Jon Wood

A big thing around apps these days are that they are much more intelligent than they used to be. And with that users are expecting more and more from apps. Usually, the way to do this is to create machine learning or deep learning models yourself and deploy that within your applications. But now, Microsoft can do the heavy lifting for you with their suite of Cognitive Services.

These services can do everything you need from sentiment analysis on text to face and emotion detection. In this post, we'll go over each service that is provided so you can see what all is available and decide which one is best for your application.

Cognitive Services are divided up into several areas:

There's also a separate experimental area, called Cognitive Service Labs, where Microsoft puts newer services out for people to try and give feedback on so they can improve on them. Let's take a deeper dive into each of these services and what they offer.

Vision

Computer Vision

Perhaps one of the first of the cognitive services, the Computer Vision API does quite a lot. It can give you the following:

Text description of what it thinks is happening in a photo
Tags of what it thinks it finds in a photo
Content moderator scores in terms of adult content
How it best things to categorize the photo
And if it recognizes any faces within the photo such as any celebrities

That's a lot for one API to return and some of these things, such as the faces and content moderator, are their own API that you can implement separately.

Content Moderator

Do you have a site where people can upload images and videos but don't want to go through each upload to make sure there's no adult content? This API will do all of that for you.

The API can look at images to detect if it has a high confidence that it is adult content, but it can also detect if the image is racy. That is, if it is midly sexual but not considered adult. It's no limited to just images, though. It can also do these checks with video.

This can also look at text to see if there is any profanity in it. But it goes beyond just profanity. It can also help check if there is any personal identifiable information (PII) in the text to make sure no personal information is published to your site. In these times of digital privacy being even more important, this is going to be very helpful.

Face API

The Face API lets you do a few things in terms of finding and identifying people based on their face in a photo. This includes verifying faces from two photos match, recognizing emotion from a person's face, and detecting faces in a photo.

The emotion detection is interesting in that the API response will give you scores and the highest scored emotion is the one it thinks the face is giving.

"scores": {
      "anger": 0.09557262,
      "contempt": 0.003917685,
      "disgust": 0.684764564,
      "fear": 4.03712329E-06,
      "happiness": 8.999826E-08,
      "neutral": 0.002147009,
      "sadness": 0.213587672,
      "surprise": 6.34691469E-06
    }

In this response, "disgust" was the highest with a score of almost 70%.

Video Indexer

The Video Indexer API is really interesting. It combines a few of the other APIs including content moderation, speech, and sentiment analysis to give a complete look at a video. For a complete walkthrough at what it can do, I have a Wintellect post that details the video indexer.

Custom Vision

The Customer Vision API is where you get to upload your own sets of images, tag them, and then train a model to classify those images into the tags. This is a lot more powerful than just using the regular Computer Vision API where you can use your own images to train a model. This gives you or your business a more specialized model that is much easier to train and deploy than doing it by hand.

Speech

Speech to Text and Text to Speech

These are similar and are mostly self explanatory, but there are some subtlties that Microsoft gives you with them. For instance, the APIs can be customized to detect specific vocabularies and accents for a more accurate detection of the speech.

Speaker Recognition

This API can recognize who is speaking of an unknown speaker and gives you the speaker's name. This works by sending in different recordings of a person's voice and associating them with that voice. Then the API knows how to recognize their voice and it works quite well.
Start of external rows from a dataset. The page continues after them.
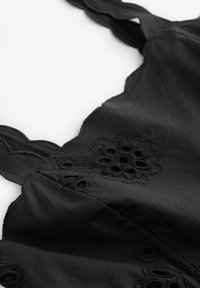 Blusa nera senza maniche con motivi floreali ricamati e bordi scallop. Realizzata in tessuto liscio con una consistenza morbida.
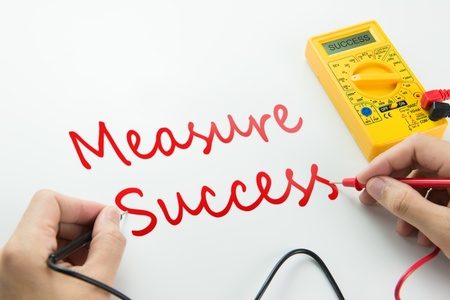 Measure of success conceptual using digital multimeterの写真素材
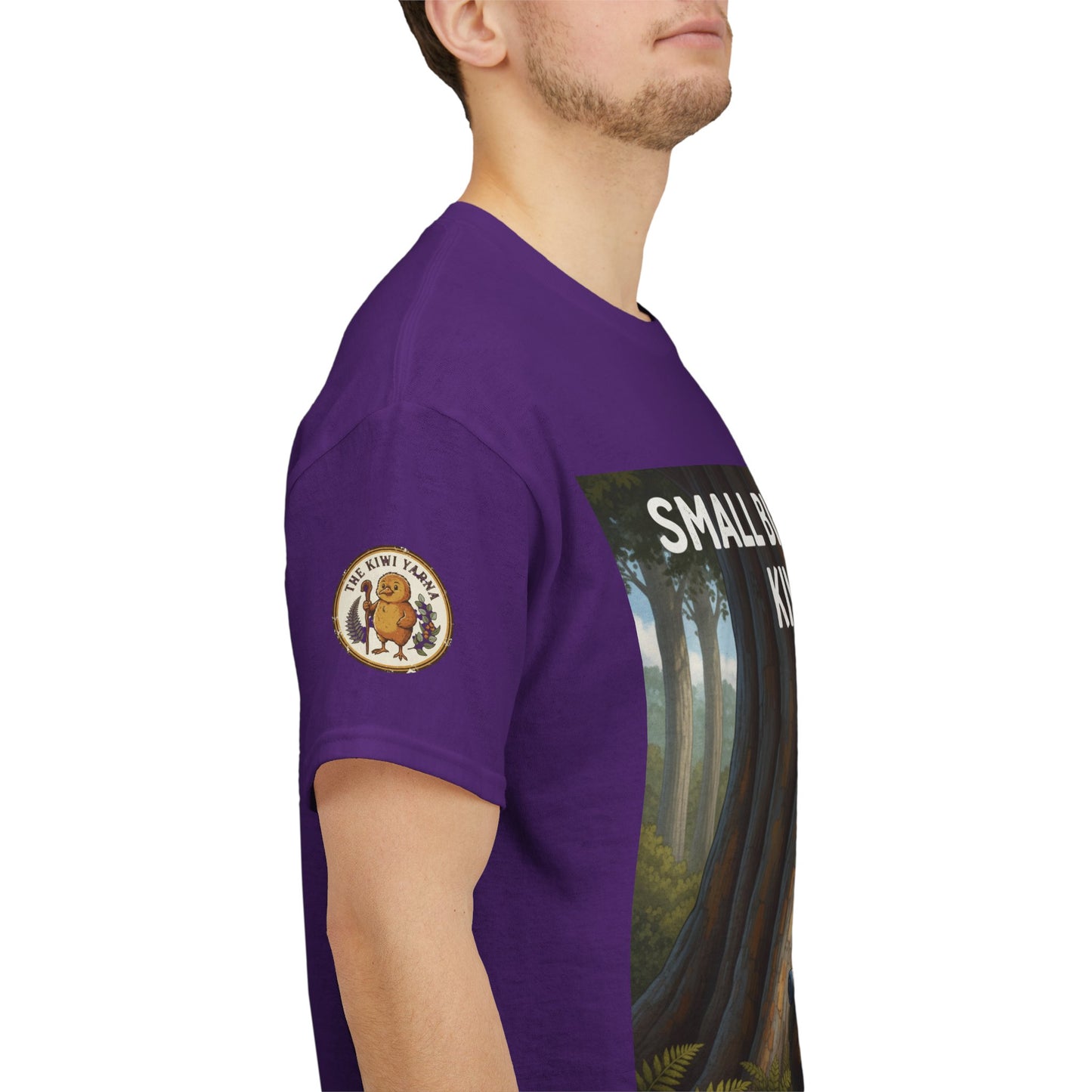 Purple t-shirt sleeve with circular logo patch and partial front graphic visible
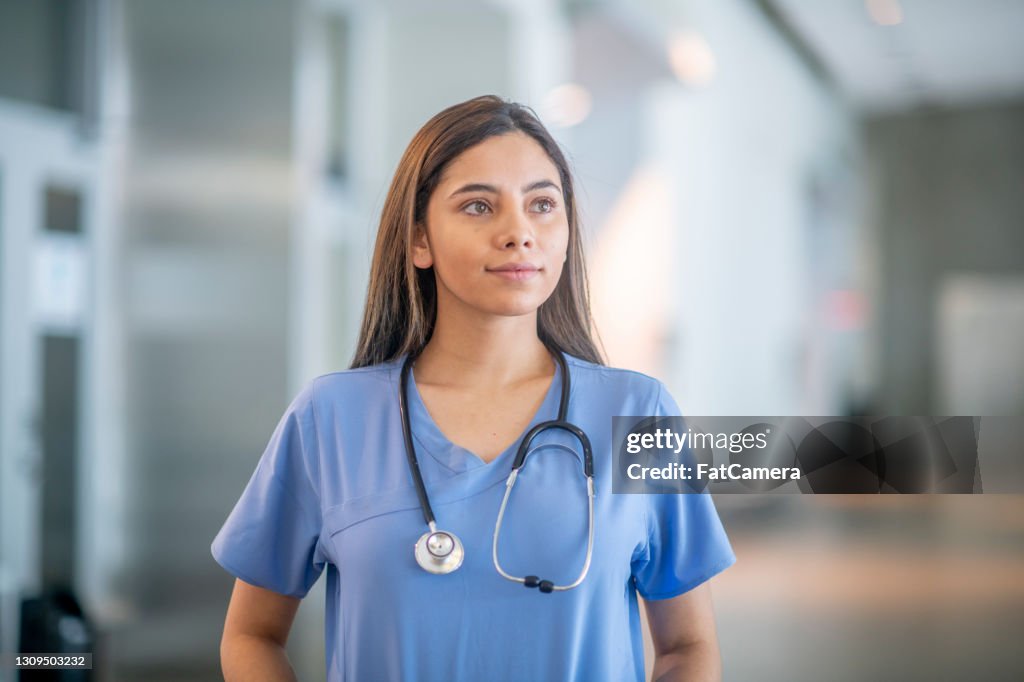 Confident medical student wearing medical scrubs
This API can also do speaker verification. Similar to enrolling the voice for recognition, you'd have to train the API to know who is speaking so it can recognize the voice.

Speech Translation

A fairly simple API but a powerful one. This adds real time and multi-language translation to speech in your apps. So if your application needs to support this type of feature, then just implement this API instead of spending the resources to create this model on your own, which may not even be as accurate as Microsoft's.

Knowledge

QnA Maker

This API is unique and serves to solve a specific problem - can automate responses to commonly asked questions about my site or services? QnA Maker makes this really easy by having a web interface where you can put the questions and their answers in and then train a model to detect the question being asked and output the correct answer to it.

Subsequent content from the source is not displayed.